Привычным движением Тентен наполнил стаканы: двадцать лет за стойкой - это кое-что значит! Золотистое, прозрачное вино приятно журчало. Тентен закупорил бутылку и нежно поставил ее на стол. Хорошее вино не любит, когда его держат открытым или взбалтывают.
- Нет, я пойду… Надо упаковать саквояж. Завтра утром на поезд. Меня ждут в Лионе.
- Послушай, дружище, ты с ума сошел. Сейчас уже одиннадцать, а точнее, десять минут двенадцатого. Комендантский час начался десять минут назад, а мосье, видите ли, вздумалось совершить вечерний моцион. Нет уж, будешь ночевать здесь! Особенно после сегодняшних событий.
- И все-таки я пойду… Мне просто необходимо…
- Тебе нужен саквояж? Я одолжу тебе свой, и рубашку тоже, и пижаму. Все, что пожелаешь.
- Мне еще надо взять документы…
- Ты…
Его прервал телефонный звонок.
- Прости, я мигом!
Нескладно ступая (он был давним членом клуба тяжеловесов), Тентен направился в столовую, а Андре Ведрин взял со своей тарелки косточку и еще раз обсосал ее. Он чувствовал себя великолепно. "Рагу у Маринетты - чудо кулинарного искусства!"
В маленькой опрятной кухоньке с приятной бело-голубой мебелью было тепло и уютно. "Здесь чувствуешь себя в безопасности. Комната словно создана для спокойной, мирной жизни".
Андре Ведрин улыбнулся, вспомнив о пистолетах и автоматах, спрятанных в подвале кафе в пустой бочке. Хотелось спать, и он утомленно закрыл глаза.
"Счастливчик Тентен. Своим вином он зарабатывает на все необходимое: и еда есть, и выпить найдется - словом, ему завидуют многие. Да это и не удивительно, у него собственный виноградник и кафе. Он - храбрый человек. А его жена? Где теперь она, Маринетта? А-а, поехала к матери в Понтжибо. Пробудет там до завтрашнего вечера…"
Он задремал.
- Эй, Деде! Тебя что, разморило? Это тебя!…
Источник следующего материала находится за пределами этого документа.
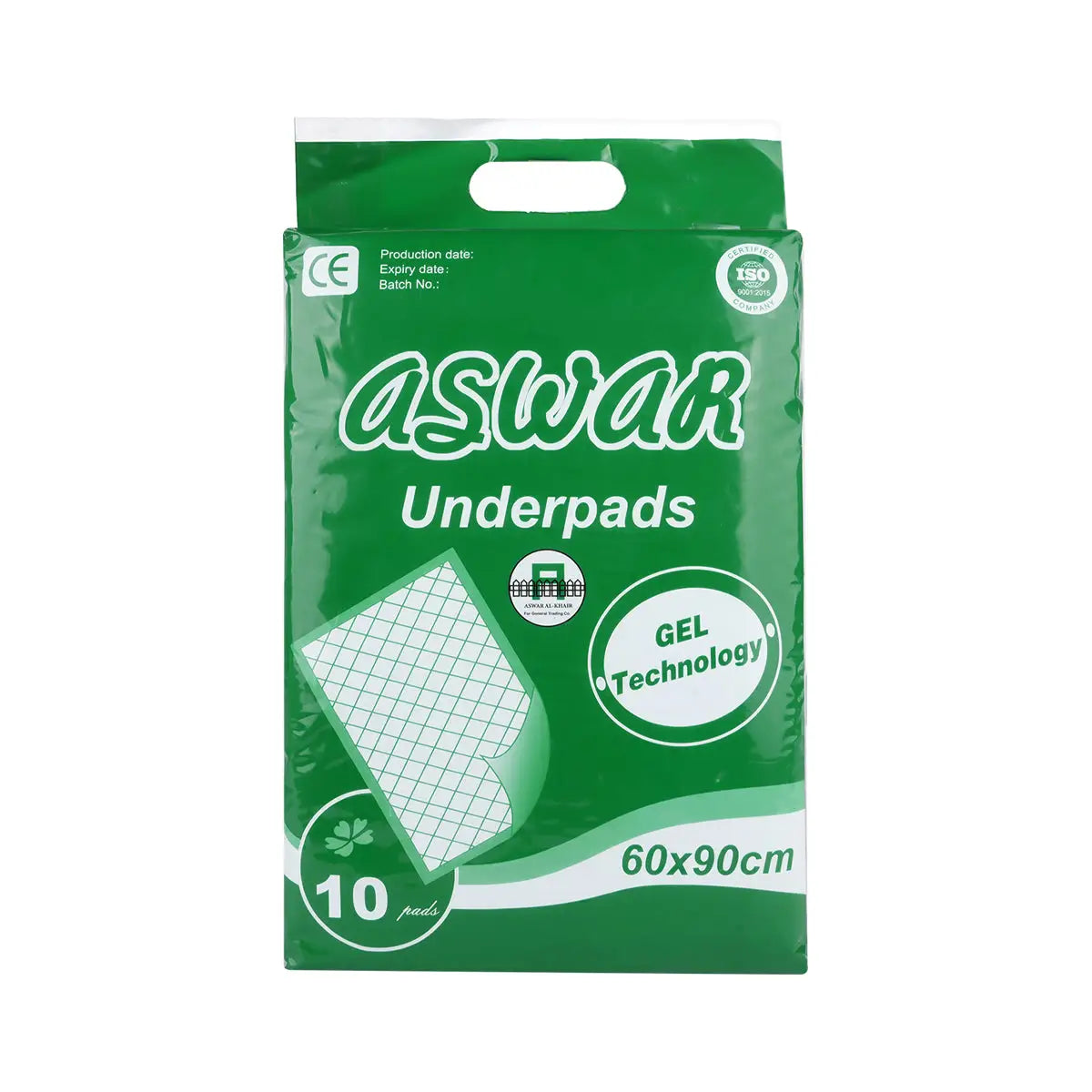 59669-Aswar Underpads 60x90cm 10 Pads +1
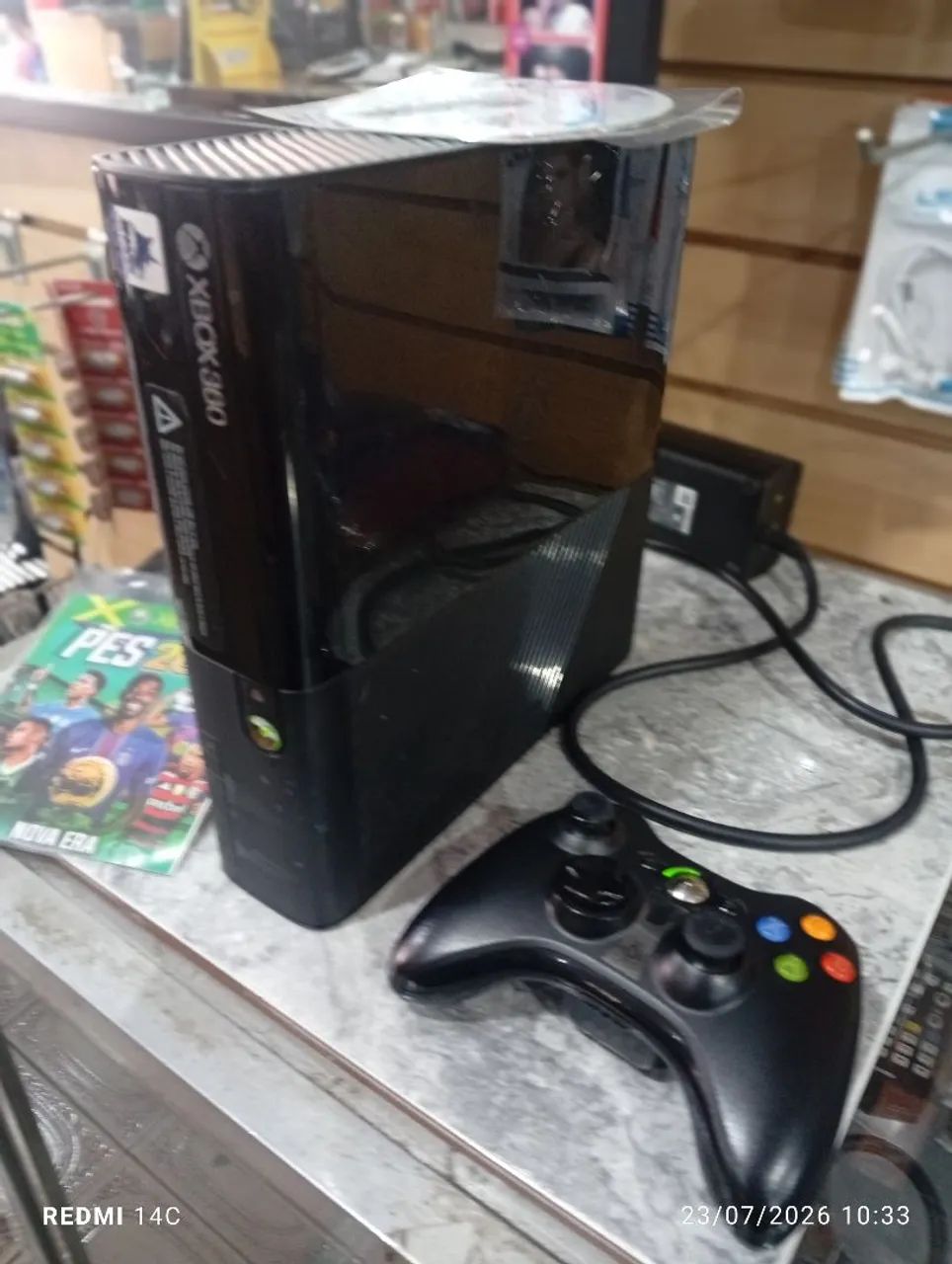 Xbox 360 com dois controles e Kinect  - Foto 5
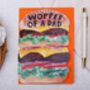 Funny Father's Day Card For Dad With Burger Design, thumbnail 3 of 4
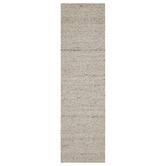 Steph &amp; Gian Pepper Elm Flat Weave Wool Runner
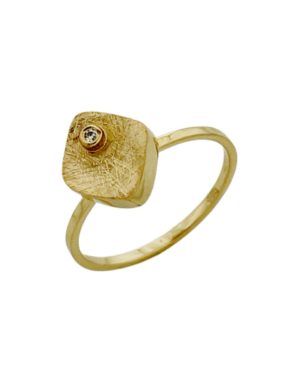 Χρυσό Χειροποίητο Δαχτυλίδι Κ14 (095545)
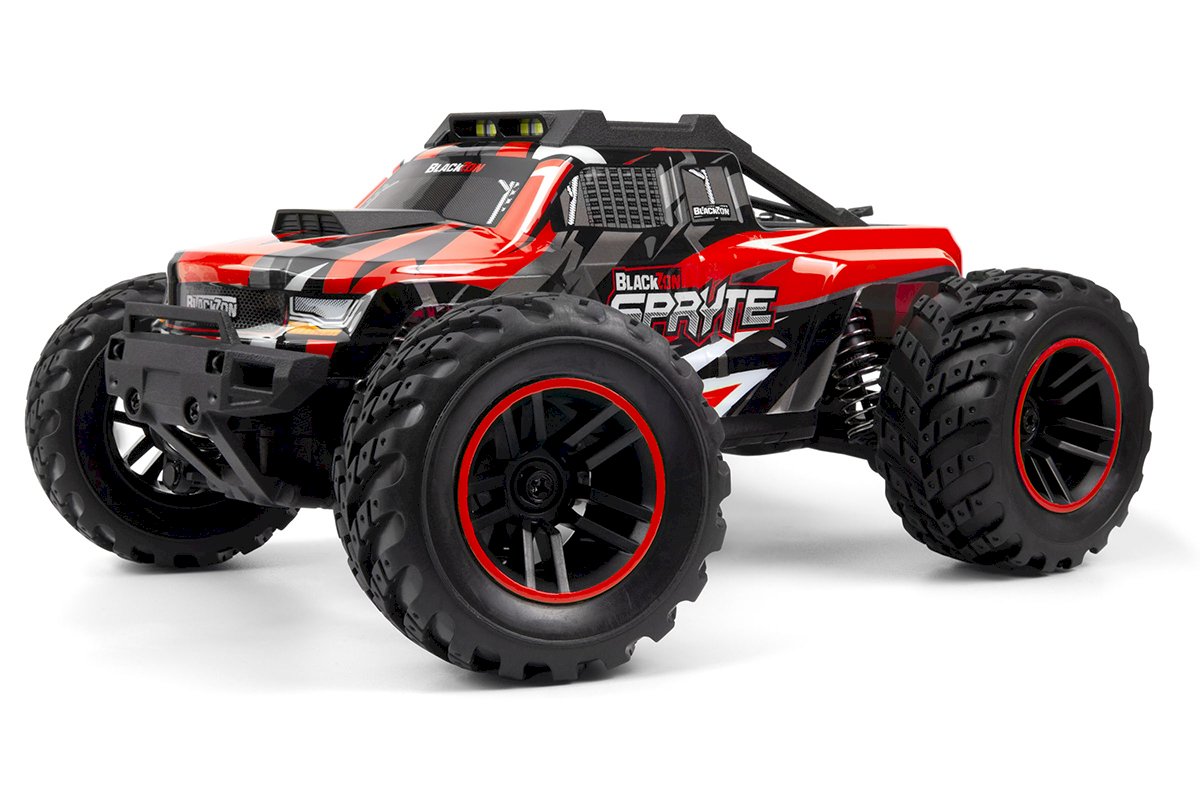 BlackZon - Spryte MT 1/20 4WD Electric Monster Truck - Red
Андре вздрогнул и удивленно уставился на Тентена.
- Что меня?
- Звонят тебе, не понимаешь?
- А-а!
- Да проснись ты, черт сонный!… Это Перришон… Мато!
- Мато? Да не может быть, - вмиг проснувшись, Андре поспешил к телефону. - Алло, это Ламбертен! Привет… Ты звонил в гостиницу? Да, решил остаться у Тентеиа… Ну, хорошо, хорошо… Договорились. Всего наилучшего… Он положил трубку и задумался.
- Зачем ты понадобился Мато?
Андре даже вздрогнул от неожиданности: Тентен стоял сзади, а он и не слышал, как тот подошел.
- Завтра я в Лион не еду… Должен встретиться с ним в девятом часу, когда начнут работать учреждения.
Казалось, он внимательно разглядывает столовую, обыкновенную столовую мелкого буржуа, переполненную разными безделушками, но взгляд его равнодушно скользил по стеклянным дверцам высокого буфета, маленькому столику с огромной вазой и искусственными цветами в ней, такими грустными и большими, что они походили на похоронный венок. Углубившись в свои мысли, он ничего не замечал.
- Может, это по поводу сегодняшних событий? - спросил Тентен, раздумывая, что бы это могло вызвать такую обеспокоенность у Андре.
- Все может быть…
И они начали обсуждать события прошедшего дня - убийство немецкого офицера, облаву. Кто он, отчаянная голова? По всяком случае, не франтирер и не партизан, в этом они Пыли убеждены, потому что никто приказа стрелять пока не отдавал. Может, кто-то из Объединенных сил Сопротивления? Возможно. Но скорее всего одиночка.
- Как бы там ни было, а этот парень молодчина! - безапелляционно заявил Тентен. - Бесстрашный, черт! Укокошить одного из бошей, да еще офицерчика, среди бела дня, перед самой тевтонской комендатурой - очень хороший пример для многих.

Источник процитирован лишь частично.